RECORDS SHOWN:
++++++

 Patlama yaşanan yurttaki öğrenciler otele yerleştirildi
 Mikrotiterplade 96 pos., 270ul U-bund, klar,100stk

++++++

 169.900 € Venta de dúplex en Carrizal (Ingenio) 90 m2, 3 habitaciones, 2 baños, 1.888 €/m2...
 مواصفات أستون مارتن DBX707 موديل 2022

++++++

THE TASK: Above are the records; print exactly the lines from the line with "Patlama yaşanan yurttaki" to the line with "Mikrotiterplade 96 pos., 270ul", including both, and nothing else.

RESPONSE AREA:
 Patlama yaşanan yurttaki öğrenciler otele yerleştirildi
 Mikrotiterplade 96 pos., 270ul U-bund, klar,100stk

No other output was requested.